On Sun, Jan 24, 2021 at 11:54 PM Guowei Ma <[hidden email]> wrote:
Hi,Nick
Normally you could not iterate all the keyed states, but the `BroadCastState` & `applyTokeyedState` could do that. 
For example, before you get the broadcast side elements you might choose to cache the non-broadcast element to the keyed state. After the broadcast elements arrive you need to use `applyTokeyedState`[1] to iterate all the elements you "cached" in the keyed state and do your business logic.


Best,
Guowei


On Mon, Jan 25, 2021 at 12:59 PM Nick Bendtner <[hidden email]> wrote:
Thanks Guowei. Another question I have is, what is the use of a broadcast state when I can update a map state or value state inside of the process broadcast element method and use that state to do a lookup in the process element method like this example 


Best,
Nick 
On Sun, Jan 24, 2021 at 9:23 PM Guowei Ma <[hidden email]> wrote:
Hi, Nick
  You might need to handle it yourself If you have to process an element only after you get the broadcast state.
  For example, you could “cache” the element to the state and handle it when the element from the broadcast side elements are arrived.

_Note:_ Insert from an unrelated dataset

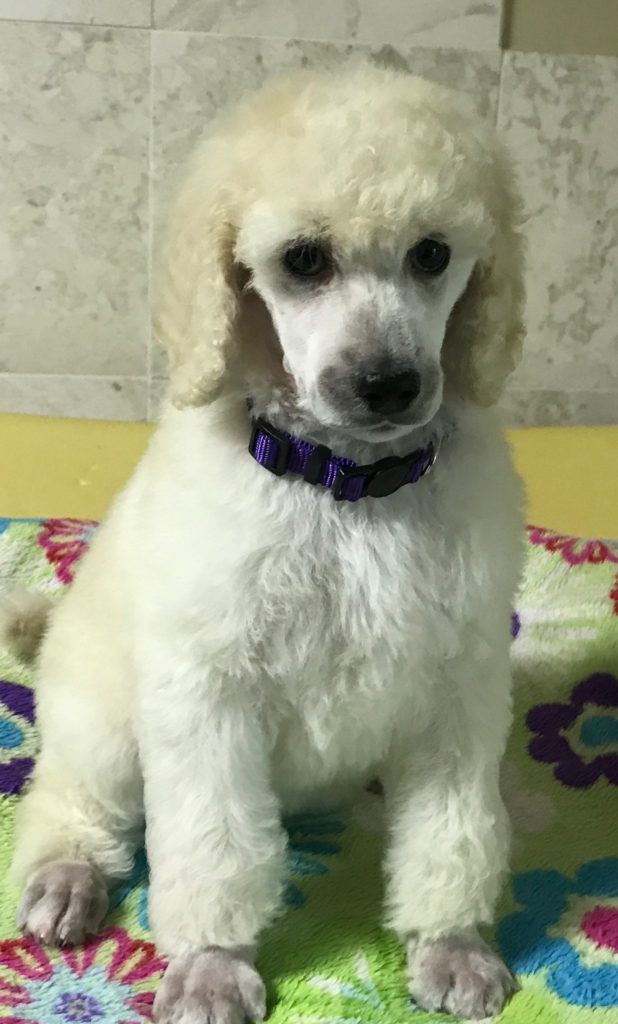 white standard poodle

Specially if you are using the `KeyedBroadcastProcessFunction` you could use the `applyToKeyedState` to access the element you cache before.

Best,
Guowei


On Mon, Jan 25, 2021 at 10:24 AM Nick Bendtner <[hidden email]> wrote:
Hi guys,
What is the way to initialize broadcast state(say with default values) before the first element shows up in the broadcasting stream? I do a lookup on the broadcast state to process transactions which come from another stream. The problem is the broadcast state is empty until the first element shows up.


Best,
Nick.
Reply | Threaded
Open this post in threaded view
|

Re: Initializing broadcast state

Guowei Ma
Hi,Nick
I do not think you could update the `myState`  in the `processBroadcastElement`. It is because you need a key before to update the keyedstate. But there is no key in `processBroadcastElement` .
Best,
Guowei


On Tue, Jan 26, 2021 at 6:31 AM Nick Bendtner <[hidden email]> wrote:
Hi Guowei,
I am not using a keyed broadcast function, I use [1].  My question is, can a non broadcast state, for instance value state/map state be updated whenever I get a broadcast event in processBroadcastElement. This way the state updates are consistent since each instance of the task gets the same broadcast element.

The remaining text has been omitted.